Haiku seems to be popping up all around me this summer and keeping me on track with my off-again-on-again practice of writing a haiku a day. Most of the ones I wrote through the end of July were about the lack of rainfall here in New Mexico & my very dry garden.
the sky grows dark.
thunder. lightning.
not a raindrop falls.
Once I got to Vermont, where it is very wet (rain every other day, and my sister’s house is surrounded by lakes and ponds), water became the recurring theme.
far across the lake
a loon’s cry.
cattails at attention.
While in Vermont, I attended a reading given by David Budbill, whose poetry is very haiku-like. Then last week I went to the opening of From a Distant Road, an exhibit at the Museum of New Mexico that includes John Brandi’s contemporary haiga (haiku poems accompanied by brush art work). That’s an example above, and click on it to see more of his pieces from the exhibit.

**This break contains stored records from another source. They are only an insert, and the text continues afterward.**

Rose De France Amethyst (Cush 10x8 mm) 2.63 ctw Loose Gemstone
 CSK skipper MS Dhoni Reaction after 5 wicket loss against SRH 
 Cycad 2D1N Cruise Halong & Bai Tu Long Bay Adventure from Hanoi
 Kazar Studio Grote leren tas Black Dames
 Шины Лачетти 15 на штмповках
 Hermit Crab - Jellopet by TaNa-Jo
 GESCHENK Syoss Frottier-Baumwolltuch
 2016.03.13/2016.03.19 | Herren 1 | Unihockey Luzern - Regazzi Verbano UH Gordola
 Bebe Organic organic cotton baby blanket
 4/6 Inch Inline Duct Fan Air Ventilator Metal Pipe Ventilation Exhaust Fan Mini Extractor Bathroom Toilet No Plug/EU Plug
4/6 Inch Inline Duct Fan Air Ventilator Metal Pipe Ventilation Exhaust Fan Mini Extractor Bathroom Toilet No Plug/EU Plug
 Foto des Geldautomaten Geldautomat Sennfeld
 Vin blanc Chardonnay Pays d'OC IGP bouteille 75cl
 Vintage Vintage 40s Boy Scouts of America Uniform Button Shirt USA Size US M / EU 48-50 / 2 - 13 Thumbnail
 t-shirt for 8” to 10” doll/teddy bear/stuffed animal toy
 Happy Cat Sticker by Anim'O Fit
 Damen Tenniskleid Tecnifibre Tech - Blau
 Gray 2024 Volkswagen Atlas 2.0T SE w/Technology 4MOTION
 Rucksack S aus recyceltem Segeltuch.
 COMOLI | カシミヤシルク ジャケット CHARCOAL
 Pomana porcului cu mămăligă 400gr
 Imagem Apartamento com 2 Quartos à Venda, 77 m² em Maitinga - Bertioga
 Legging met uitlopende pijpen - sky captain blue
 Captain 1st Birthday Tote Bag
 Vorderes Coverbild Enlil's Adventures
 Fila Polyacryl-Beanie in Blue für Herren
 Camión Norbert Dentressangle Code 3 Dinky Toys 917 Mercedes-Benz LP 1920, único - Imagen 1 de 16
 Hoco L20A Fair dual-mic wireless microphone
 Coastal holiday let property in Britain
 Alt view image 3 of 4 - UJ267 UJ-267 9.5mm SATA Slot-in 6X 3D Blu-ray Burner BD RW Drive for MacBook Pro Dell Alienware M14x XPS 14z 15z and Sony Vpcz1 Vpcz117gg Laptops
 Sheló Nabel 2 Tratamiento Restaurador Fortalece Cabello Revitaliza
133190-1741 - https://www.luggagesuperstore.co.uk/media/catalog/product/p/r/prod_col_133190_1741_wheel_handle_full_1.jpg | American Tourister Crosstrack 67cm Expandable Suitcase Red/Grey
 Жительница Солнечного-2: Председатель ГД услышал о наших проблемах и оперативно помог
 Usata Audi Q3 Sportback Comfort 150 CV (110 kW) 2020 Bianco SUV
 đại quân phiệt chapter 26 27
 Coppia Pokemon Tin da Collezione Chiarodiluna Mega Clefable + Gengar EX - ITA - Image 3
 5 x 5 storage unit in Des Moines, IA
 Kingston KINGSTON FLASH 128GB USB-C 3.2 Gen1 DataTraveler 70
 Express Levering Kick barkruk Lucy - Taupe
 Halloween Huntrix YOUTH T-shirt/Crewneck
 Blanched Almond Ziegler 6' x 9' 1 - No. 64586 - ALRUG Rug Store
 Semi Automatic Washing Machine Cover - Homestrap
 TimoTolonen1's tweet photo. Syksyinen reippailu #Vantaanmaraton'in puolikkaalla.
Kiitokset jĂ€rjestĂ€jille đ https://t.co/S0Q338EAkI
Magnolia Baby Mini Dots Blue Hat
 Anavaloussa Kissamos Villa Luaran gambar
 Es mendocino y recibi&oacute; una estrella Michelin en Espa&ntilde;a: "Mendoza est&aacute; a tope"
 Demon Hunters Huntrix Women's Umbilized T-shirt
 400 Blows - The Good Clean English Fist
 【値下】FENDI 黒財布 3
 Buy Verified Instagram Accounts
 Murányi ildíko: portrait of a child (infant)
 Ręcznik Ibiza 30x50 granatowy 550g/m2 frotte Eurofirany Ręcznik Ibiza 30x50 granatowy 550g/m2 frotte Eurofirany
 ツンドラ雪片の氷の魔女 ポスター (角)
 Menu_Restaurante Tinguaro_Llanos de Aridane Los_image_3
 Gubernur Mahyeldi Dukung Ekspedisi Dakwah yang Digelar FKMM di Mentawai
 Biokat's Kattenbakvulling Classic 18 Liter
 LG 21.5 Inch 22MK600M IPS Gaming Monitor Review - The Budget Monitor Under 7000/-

Brandi gave a talk before the reception, introducing us to the history of haiga. But most interesting to me were his comments on his practice of writing haiku — that it was often about encapsulating an “aha” moment or that he sat outside and wrote about what was happening around him. I usually write at the end of the day and use it to reflect back on what took place that day, with my generally imperfect memory.
I quite like that notion of summing up the day with a haiku. It seems that would make one focus on the important things to remember, rather than a long, confessional litany.